Parlando di caffé arabo accade spesso di confondersi con il caffè turco, credendo che sia appunto quello arabo, quando invece sono due bevande totalmente diverse. Quello turco non lo si può bere subito, è più denso e lo si deve lasciare a depositare, così che la miscela del caffè e le spezie si depositino in fondo alla tazza. Quello arabo, invece, viene versato su una tazza diversa e molto più piccola rispetto a quella utilizzata per il caffè turco, si versa solo per 1/3 della tazza, lo si deve bere velocemente ed inoltre c’è un determinato rituale da eseguire sia da parte dell’ospite che il padrone di casa, che vi dettaglierò in seguito (vedere figura uno).

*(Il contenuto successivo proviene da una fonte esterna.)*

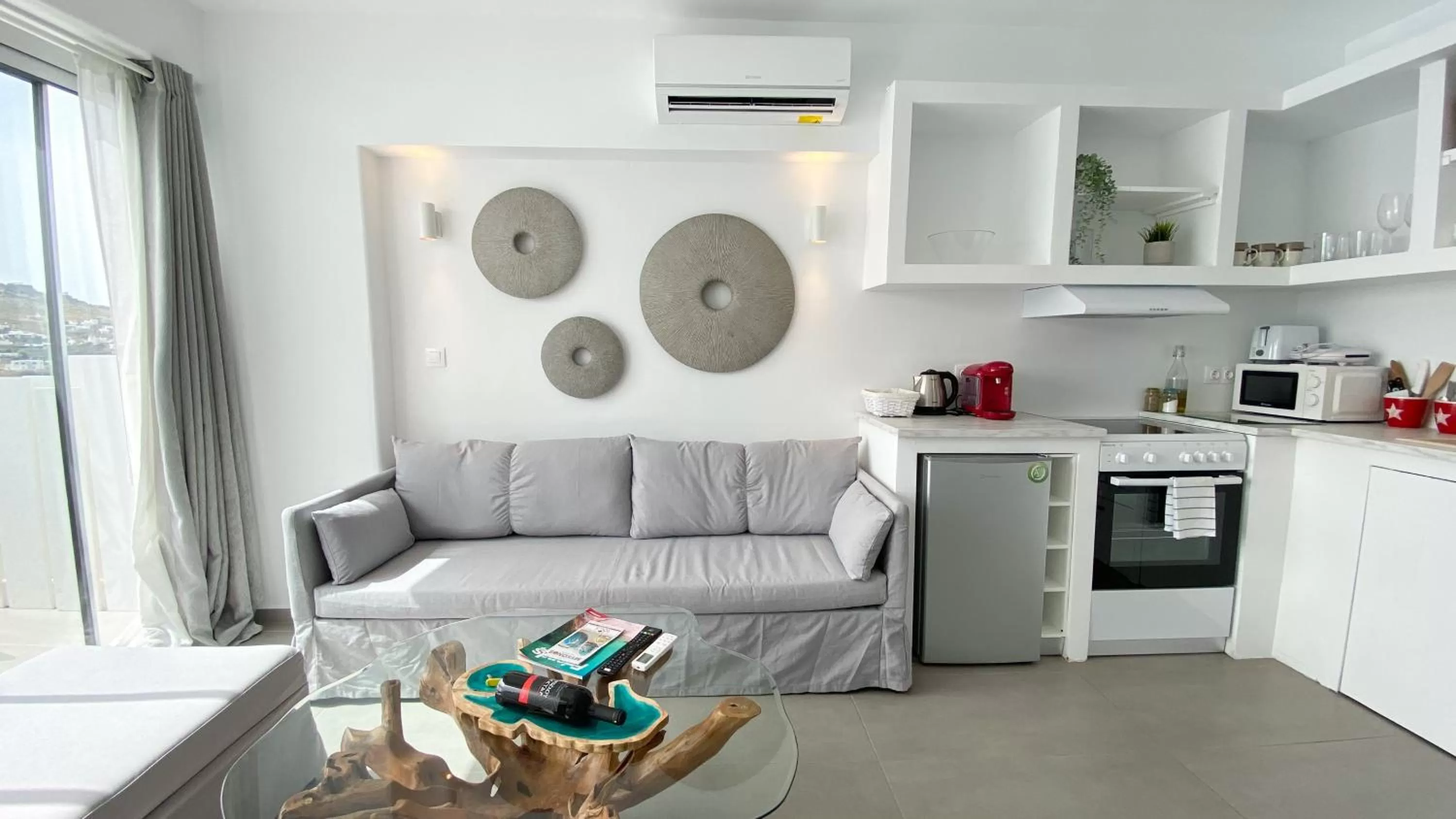 Living room in Amperian Mykonos Suites & Villas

La particolarità del qahwa è il suo forte profumo esotico, dovuto al cardamomo principalmente, anche se può anche essere realizzato con altre spezie, come cannella o zafferano e allungato a volte con l’acqua di rose. Queste profumazioni vengono aggiunte ai chicchi del caffè che sono stati tostati e, successivamente, con l’utilizzo di un mortaio particolare fatto in legno chiamato (mihbaj), vengono pestati tutti a assieme fino a ottenere una polvere sottile.

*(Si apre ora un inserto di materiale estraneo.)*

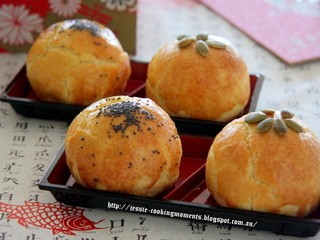 上海月饼 (黑芝麻 + 栗子口味) Shanghai Mooncake(Black Sesame & Chestnut Flavour)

A questo punto questa polvere profumata viene mescolata assieme all’acqua e portata ad ebollizione dentro una particolare caffettiera chiamata (dallah). Questa operazione va ripetuta due o tre volte e serve a rendere più denso e ricco il caffè. Da notare che il caffè viene servito tipicamente amaro, motivo per cui spesso viene servito assieme i datteri. La combinazione di un sorso di caffè e un pizzico di dattero, enfatizza il profumo esotico delle spezie, marca maggiormente il gusto amaro del caffè, restituendo allo stesso tempo il gusto dolce naturale del dattero.
Quando arriva l’ospite, il padrone di casa ha il compito di servire il caffè di persona, e lo fa seguendo un determinato rito composto da sguardi e gestualità con la mano, che vengono eseguiti tra i due. Si inizia con il versare il caffè nella tazzina e porgerla all’ospite con la mano destra. La tazza del caffè non viene mai servita piena, ma si fanno solitamente 3 giri di caffè, per un determinato significato (vedere figura due).
Nel caso l’ospite volesse ancora un giro di caffè, basta porgere con la mano fissa la tazzina al padrone di casa; in caso contrario, scuotere la tazza davanti a lui o mettere la mano sopra la tazza, sono segni di sazietà o che semplicemente si intende saltare quel giro. Questi rituali sono legati ai vecchi significati che si erano instaurati nelle tradizioni beduine, e che sono passati poi di generazione in generazioni e tutt’ora, almeno fino ad oggi, fanno parte anche dei riti della tradizione araba.
Questo tipo di bevanda non viene bevuto quotidianamente nella società araba, come avviene invece per il caffè turco o il the, per colpa del suo lungo tempo di preparazione e anche perché è riservato principalmente all’arrivo degli ospiti; viene comunque preparato in occasioni molto speciali, come la nascita di un figlio, ai matrimoni, in ricorrenza con le feste religiose, ai compleanni e addirittura per le occasioni di funerali.